Baltimore asks residents to cut water use as drought deepens
City water customers were told to cut outdoor watering and other heavy uses as Liberty and Prettyboy reservoirs slipped below normal.

Baltimore water customers were asked to cut back on non-essential use as Liberty and Prettyboy reservoirs fell below normal and summer demand neared, putting voluntary restrictions in place across Baltimore City, Baltimore County, Carroll County, Harford County and Howard County.
The Baltimore City Department of Public Works said public-water customers should avoid unnecessary outdoor watering, washing and other high-volume uses. The request does not affect private wells, but it does reach households and businesses tied to the city system, which supplies drinking water to about 1.8 million people across the region. Officials said the goal is to slow demand now and avoid mandatory limits later if dry conditions persist.
DPW said Liberty Reservoir stood six feet below normal and Prettyboy Reservoir two feet below normal when the advisory went out. The city's three reservoirs, which also include Loch Raven Reservoir, hold about 86 billion gallons and feed treatment plants that can produce up to 360 million gallons a day.

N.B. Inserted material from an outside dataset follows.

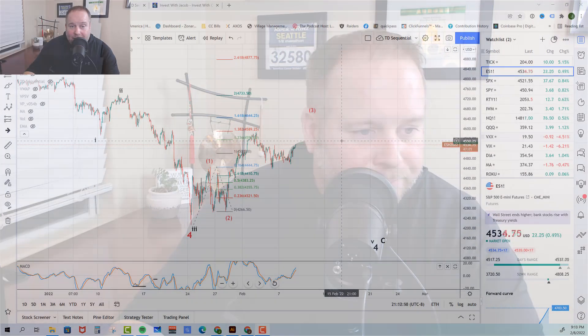With the bulls pushing higher today, they have a chance to take control of the market. Let's jump into the charts and take a look.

That makes even modest conservation significant when rainfall is below average and summer use is about to climb.
Maryland's Department of the Environment tracks drought using precipitation, stream flow, groundwater levels, reservoir storage, supply status, temperature and season, and classifies conditions as Normal, Watch, Warning or Emergency. The state updated its Drought Monitoring and Response Plan in December 2025, a reminder that the response to dry weather is tied to measured thresholds, not just a general sense that conditions feel parched.

Baltimore has been through this before. The city imposed similar voluntary restrictions on May 8, 2025, after Liberty Reservoir dropped to its lowest point in nearly two decades. Officials later lifted those limits after record-setting rainfall in May restored Liberty, Loch Raven and Prettyboy to near-normal seasonal levels. This year's advisory is less severe, but it lands as another warning that reservoir health can change quickly from one wet month to the next.
DPW said it will keep watching rainfall and reservoir levels in the weeks ahead, and it could turn to the Susquehanna River as a backup supply if conditions worsen. Water drawn from that source is treated and safe to drink, though customers may notice a slight change in taste or odor, a small tradeoff if the region has to lean harder on its backup system.